Don’t be afraid to ask your doctor what treatments are available; what may happen if you choose a particular treatment; AND what might happen if you don’t.

When thinking about possible treatments, you may find the information on decision aids at www.ohri.ca/DecisionAid helpful. See also: Additional Resources (Do you want to know more about shared decision-making?)

Use reliable websites such as NHS Choices (www.nhs.uk). See: Chapter 12 and the Additional Resources section in this book.

Be a healthy sceptic about unfounded claims and media reports of treatment ‘breakthroughs’; about the way that ‘numbers’ are reported in the media – especially large numbers in headline claims!

Challenge treatments offered to you or your family on the basis of beliefs and dogmas, but unsubstantiated by reliable evidence.

Be wary of unnecessary disease ‘labelling’ and over-investigation (see Chapters 2 and 4) – find out if the disease in question is considered high risk or low risk for you. Ask what would happen if nothing immediate is done.

Agree to participate in a clinical trial only on condition (i) that the study protocol has been registered and made publicly available (ii) that the protocol refers to systematic reviews of existing evidence showing that the trial is justified; and (iii) that you receive a written assurance that the full study results will be published, and sent to all participants who indicate that they wish to receive them.

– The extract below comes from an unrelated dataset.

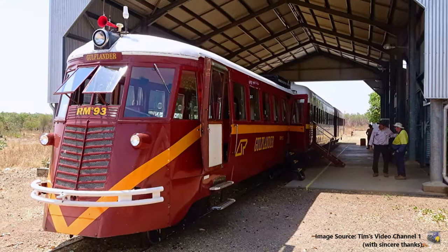Hello, I'm Neil Forbes. The image you see here is of the Gulflander rail motor which runs from Normanton to Croydon in the outback Queensland, North Queensland. The image has been supplied with thanks by Tim of Tim's Video Channel One.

Encourage and work with health professionals, researchers, research funders, and others who are trying to promote research addressing inadequately answered questions about the effects of treatment which you regard as important.

Encourage wider education about the effects of biases and the play of chance, and lobby your elected political representative and others about doing more to emphasize this in school curricula, beginning in primary schools.